Africa

Kwasi Pratt Jnr. Calls for Renewed Pan-African Revolution at 80th Anniversary of 5th Pan-African Congress

Story by Eugene Nyarko Jnr. l Accra l November 19, 2025

The 80th Anniversary Conference of the historic 5th Pan-African Congress ended on Wednesday, November 19, with a powerful call for a renewed continental liberation agenda. Addressing delegates at the Kwame Nkrumah Mausoleum in Accra, the General Secretary of the Socialist Movement of Ghana, Kwasi Pratt Jnr., invoked the spirit of the 1945 Manchester Congress and urged Africans to complete the unfinished mission of true political and economic emancipation.

Organised by the Pan-African Progressive Front (PAPF), the conference commemorated the seminal 1945 gathering in Manchester, which united African workers, students, intellectuals and global freedom fighters in defining Pan-Africanism as a struggle for total liberation and unification under scientific socialism.

Pratt reminded participants that although African nations now hold flags of independence, the deeper structures of economic domination persist. “Foreign control of finance and trade, resource plunder, exploitative contracts and odious debt continue to undermine the sovereignty of African peoples,” he said. He stressed that the vision of Manchester extended beyond ending colonial rule—it aimed to build a self-reliant, industrialised, socially just and united Africa.

In a sweeping declaration on behalf of Pan-African movements, progressive parties, trade unions, peasant groups, youth, women’s organisations, cultural workers and the African diaspora, Pratt outlined a comprehensive agenda for Africa’s complete liberation.
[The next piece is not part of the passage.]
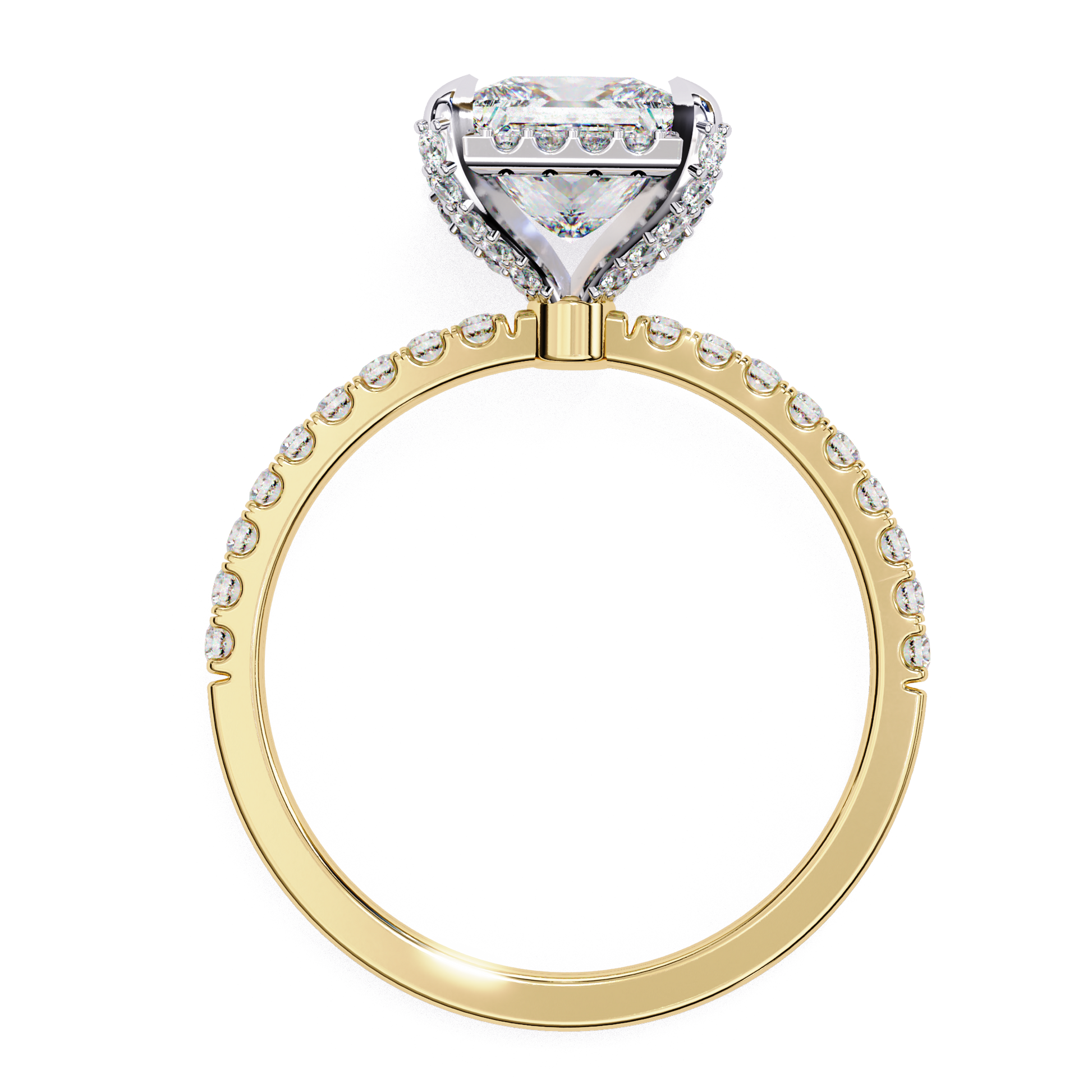 Lyra — Princess cut lab grown and natural diamond engagement ring — single halo, halo, four prong, side stones — Carat House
Key commitments included:

  • Full political and economic unification of Africa, grounded in popular participation and democratic control of the continent’s wealth.
  • Reclamation of natural resources, land and strategic industries to benefit the African people.
  • A continental industrialisation plan, prioritising manufacturing, technology and value-added production, supported by an Africa-wide network of railways, energy corridors, roads and digital infrastructure.
  • Agrarian transformation and food sovereignty, ensuring agriculture is reorganised to feed Africans first.
  • Financial independence, including the establishment of an African monetary system and the cancellation of illegitimate external debts.
  • A Pan-African education and scientific ecosystem, featuring universities dedicated to developing skills and technologies that meet Africa’s social, industrial and agricultural needs.
  • Strengthening Africa’s defense capacity, with the development of indigenous military industries and the rejection of foreign military presence on African soil.
  • A united push for reparations, creating legal and political frameworks to demand restitution for slavery, colonialism, and neo-colonial exploitation.
  • Solidarity with oppressed peoples worldwide, using Africa’s political and economic power to advance global justice.

Pratt issued a stirring pledge from the conference floor: “Standing on the shoulders of the Manchester delegates of 1945, we vow to complete the Pan-African revolution they began. The era of Africa’s economic subjugation will no longer be tolerated.”

He called on African governments, mass movements, trade unions, peasants’ associations and the global African family to mobilise resources, knowledge and collective power to realise the aims outlined in the declaration, which the conference is expected to adopt.

The event concluded with renewed commitment to strengthening Pan-African solidarity and advancing a unified developmental vision for the continent and its diaspora.